MDE directed Exelon, which is seeking a new 50-year license for Conowingo, to make annual reductions of 6 million pounds of nitrogen and 260,000 pounds of phosphorus in the lower Susquehanna below the dam. Those are the amount of nutrient reductions studies have indicated are needed to offset the impact of the dam on Upper Bay water quality. If the company does not make those reductions itself, then the MDE directed it to pay “in-lieu fees” if nothing else is done to reduce the nutrient flows.

“From the beginning of our administration, we have sounded the warning on the problems caused by the Conowingo Dam,” Gov. Larry Hogan said in a statement. He said the conditions in the state’s certification provide “a strong framework for working with the upstream states and private partners such as Exelon to take real actions to address the sediment and nutrient pollution problems caused by the dam so we can preserve the Bay for future generations.”

The state’s action drew praise from environmental groups. Alison Prost, acting vice president of the Chesapeake Bay Foundation, thanked Hogan and MDE for wanting to hold Exelon accountable, saying that “the very presence of this dam alters the form and timing of river water and pollution reaching the Chesapeake Bay.”

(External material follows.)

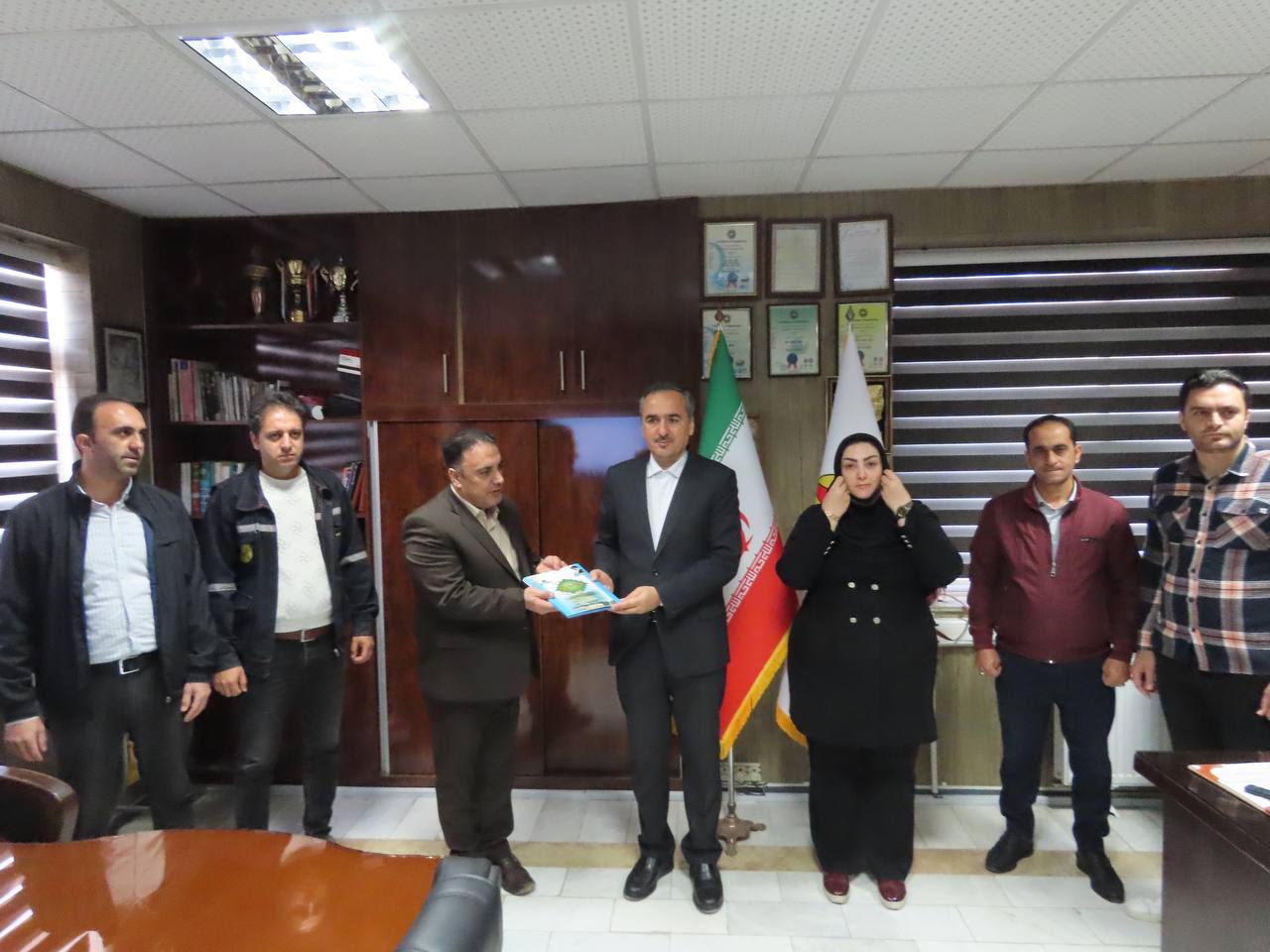 بازدید سرزده سعید شکورزاده فرماندار چایپاره از مدیریت توزیع برق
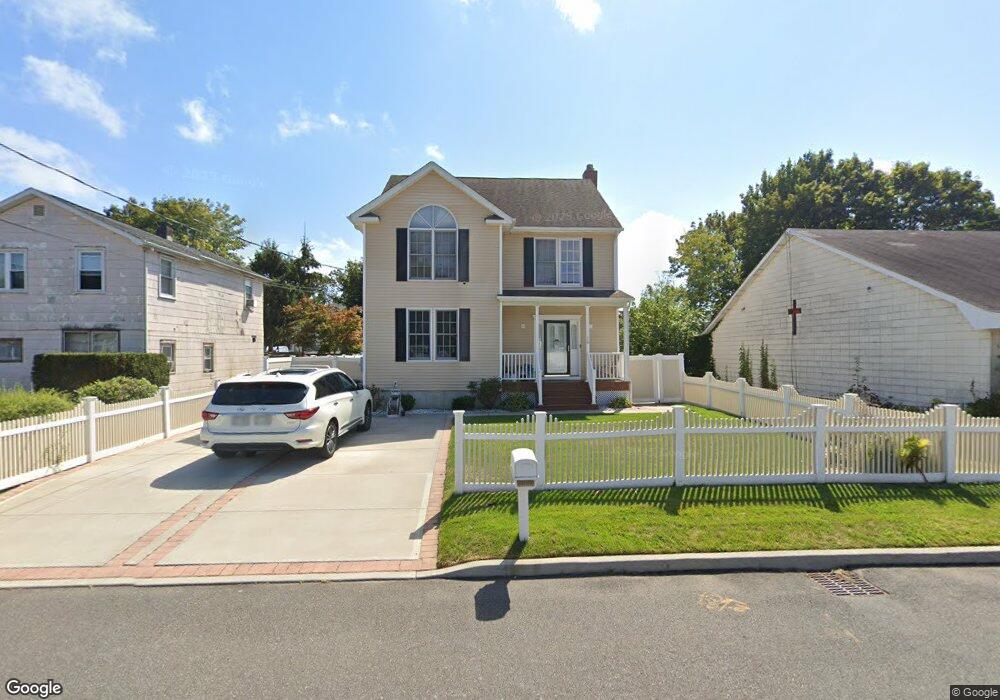 110 44th St, Copiague, NY 11726 - photo 1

Exelon spokeswoman Deena O’Brien said the company was reviewing the state’s conditions, while reiterating its longstanding position that the dam itself is not adding nutrient pollution to the river or the Bay.

Exelon had previously agreed to a number of the conditions laid out by the MDE, including an ambitious plan to increase the numbers of American shad, river herring and eels getting upriver past Conowingo and three other dams. But talks between the company and Maryland apparently broke down over additional conditions the MDE wanted to impose regarding water quality.

“We were very far apart,” Environment Secretary Ben Grumbles said, both about what Exelon would have to do about the nutrients and sediment flowing past the dam and about the way in which the hydro facility’s operation alters the natural flow of the river.
If there were any justice, the farmers of Pennsylvania and New York, as well as the various municipalities in the Susquehanna drainage, whose eroding farms and polluted storm water flows actually sent the sediment and other pollutants down the river would be paying these fees instead of the company whose asset was actually responsible for sequestering these pollutants, would pay the fees.

If there were any justice.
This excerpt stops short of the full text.